* [Items listed in a dataset]
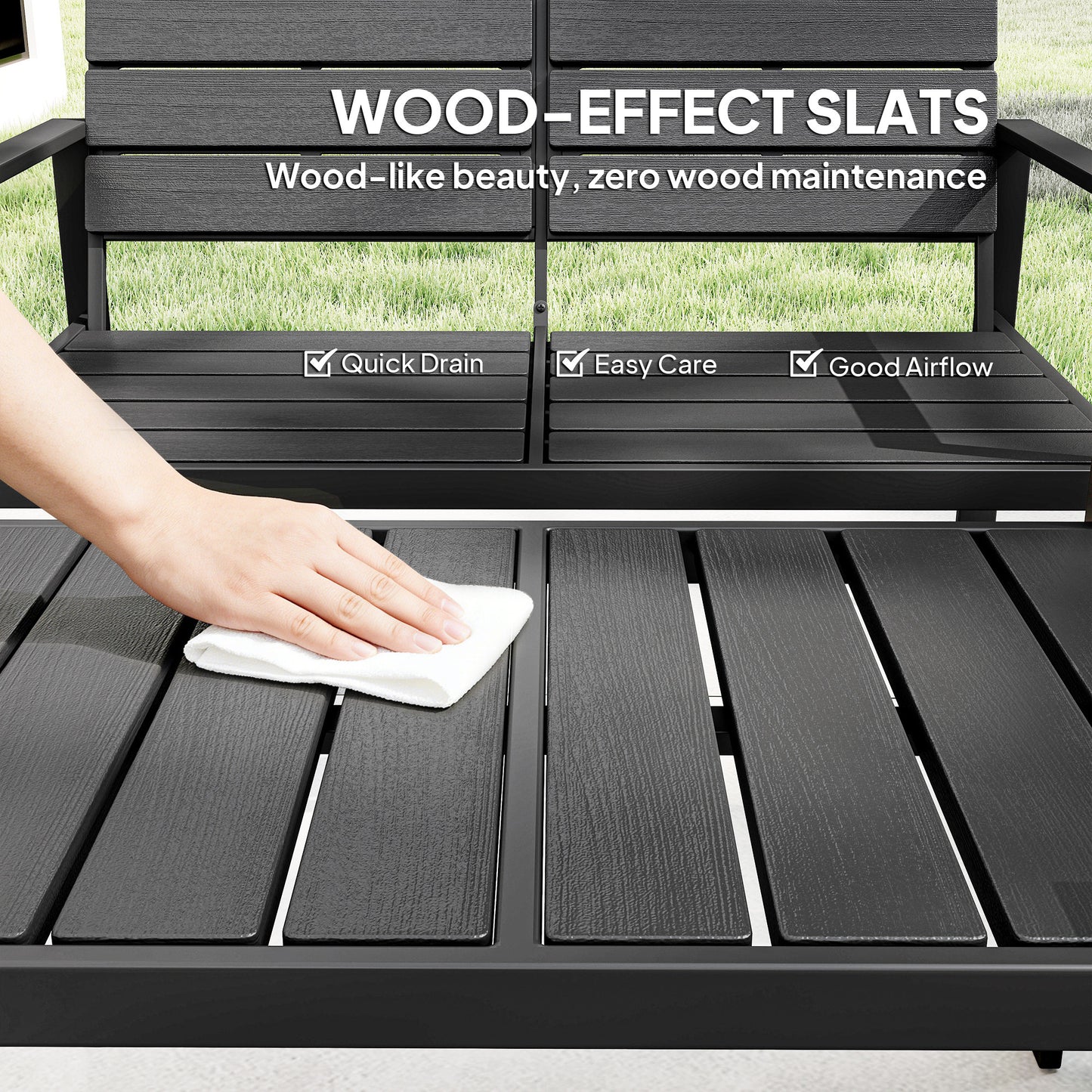 4 Piece Garden Furniture Set (1)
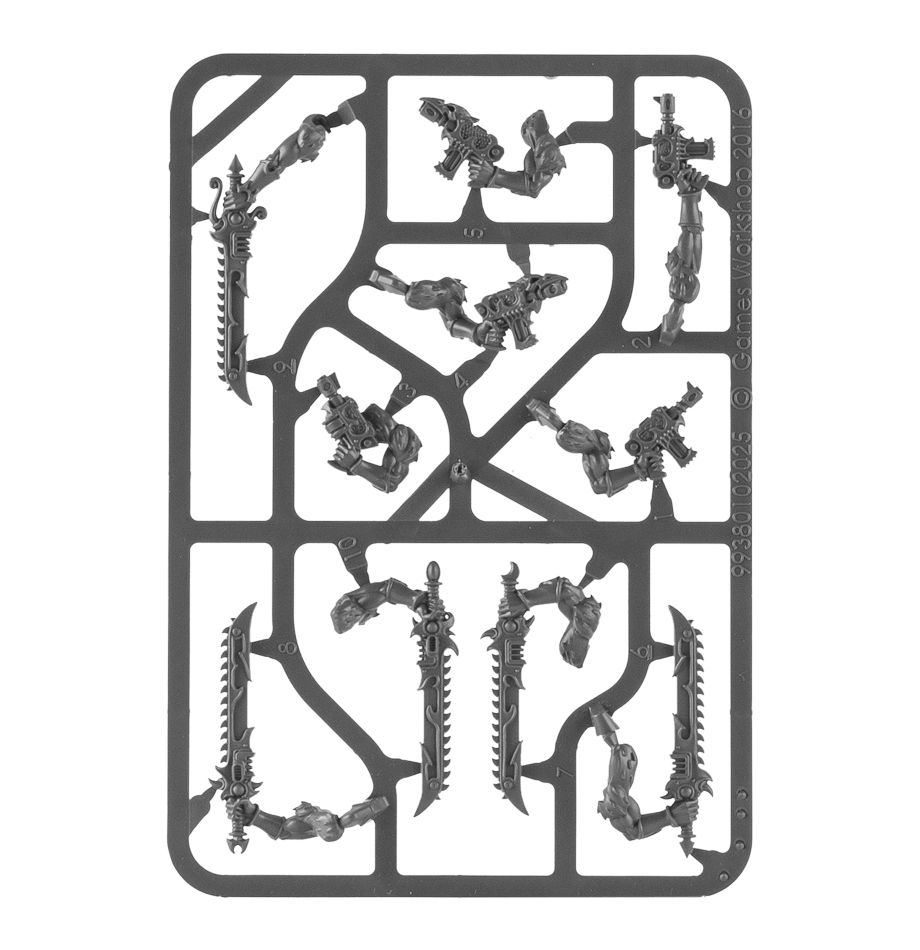 Warhammer 40,000: Thousand Sons: Tzaangor Upgrade Pack 
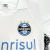 CAMISA GRÊMIO II 24/25 TORCEDOR-UMBRO-MASCULINA-BRANCA - loja online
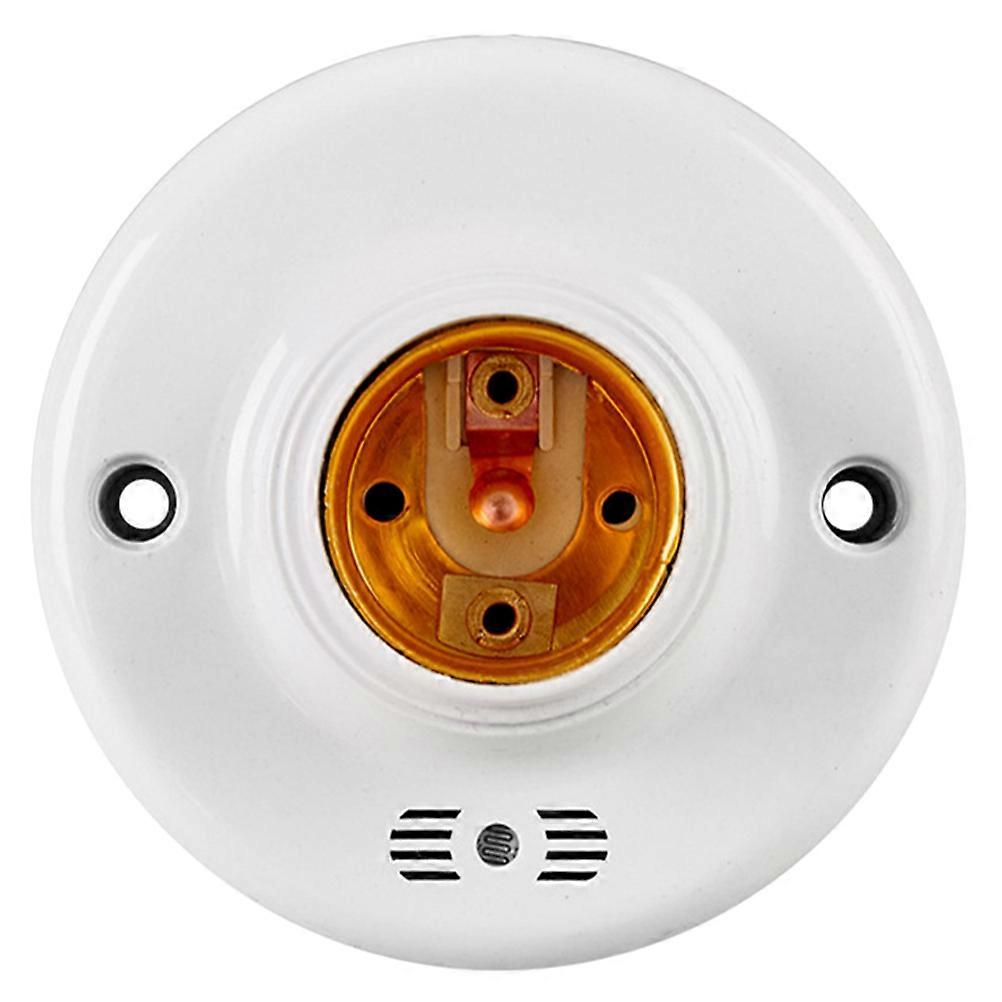Lamp Holder Socket E27 Voice Control Light Base LED Lamp Holder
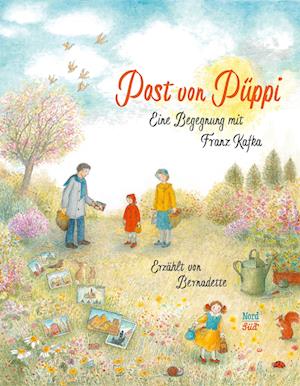 Cover for Bernadette · Post von Püppi (Book) (2024)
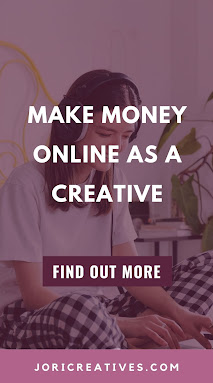 Make money online as a creative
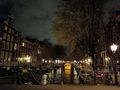 Herengracht canal at night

* [Your objective] Pictures aside, repeat each entry in full and without change.

* [Answer below]
 4 Piece Garden Furniture Set (1)
 Warhammer 40,000: Thousand Sons: Tzaangor Upgrade Pack 
 CAMISA GRÊMIO II 24/25 TORCEDOR-UMBRO-MASCULINA-BRANCA - loja online
Lamp Holder Socket E27 Voice Control Light Base LED Lamp Holder
 Cover for Bernadette · Post von Püppi (Book) (2024)
 Make money online as a creative
 Herengracht canal at night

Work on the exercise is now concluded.